Work task: Once the images are set aside, print the remaining lines below exactly.

Supplied information:
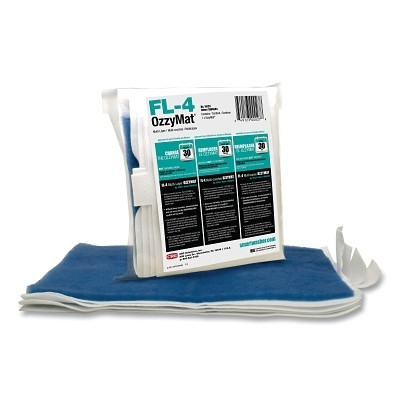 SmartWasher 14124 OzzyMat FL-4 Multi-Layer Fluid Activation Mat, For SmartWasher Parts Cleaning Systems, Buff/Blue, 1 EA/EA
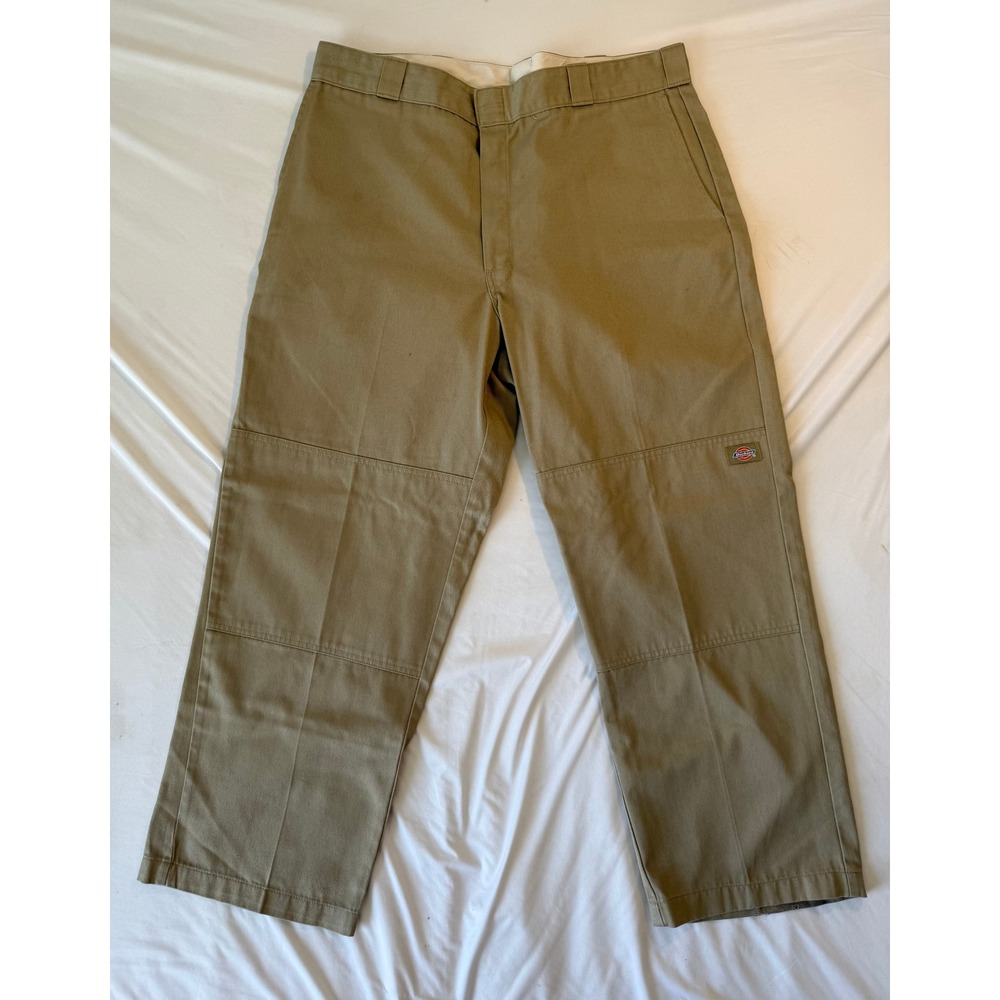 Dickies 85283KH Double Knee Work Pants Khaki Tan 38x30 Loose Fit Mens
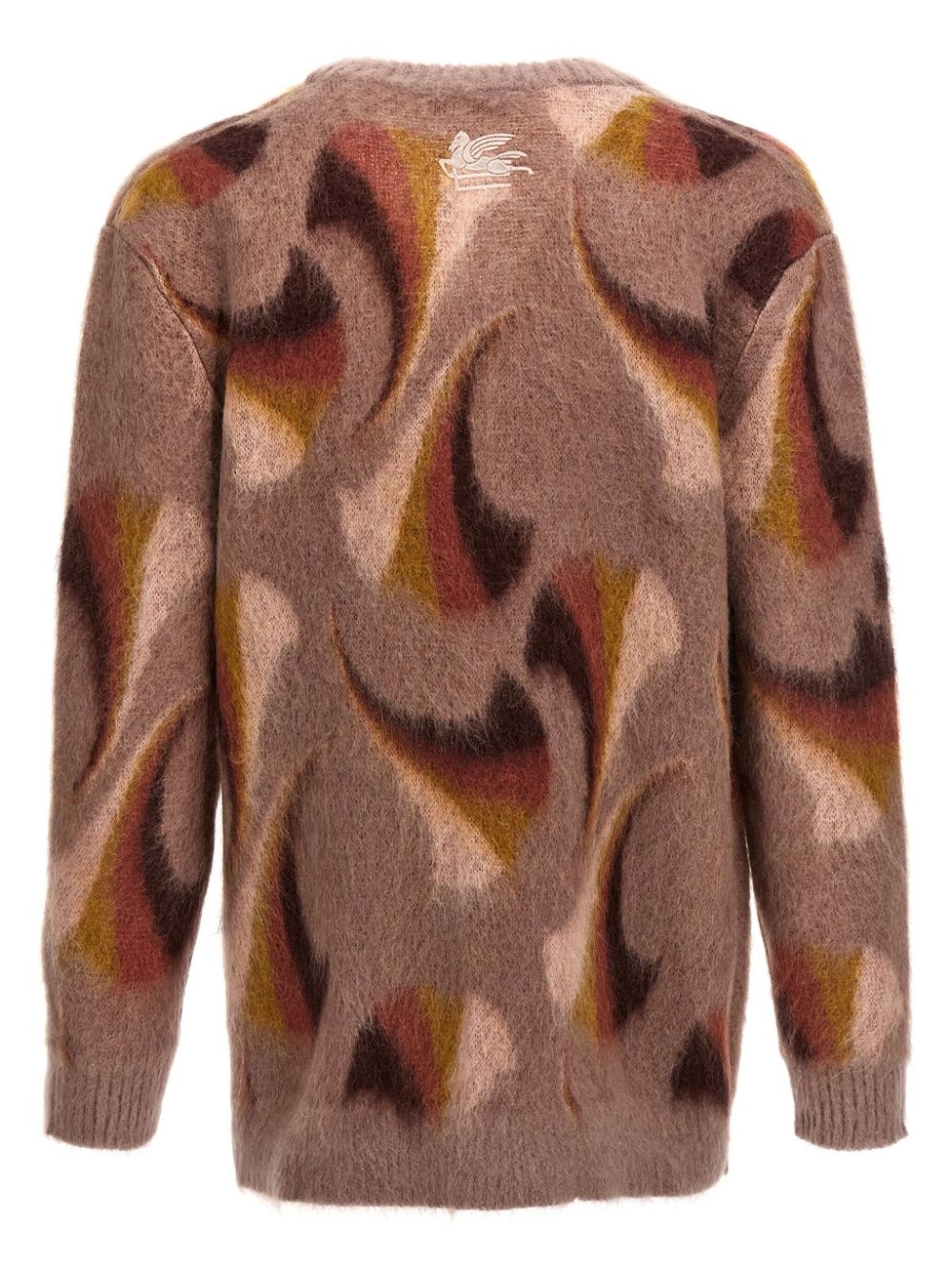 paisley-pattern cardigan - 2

Exercise solution:
 SmartWasher 14124 OzzyMat FL-4 Multi-Layer Fluid Activation Mat, For SmartWasher Parts Cleaning Systems, Buff/Blue, 1 EA/EA
 Dickies 85283KH Double Knee Work Pants Khaki Tan 38x30 Loose Fit Mens
 paisley-pattern cardigan - 2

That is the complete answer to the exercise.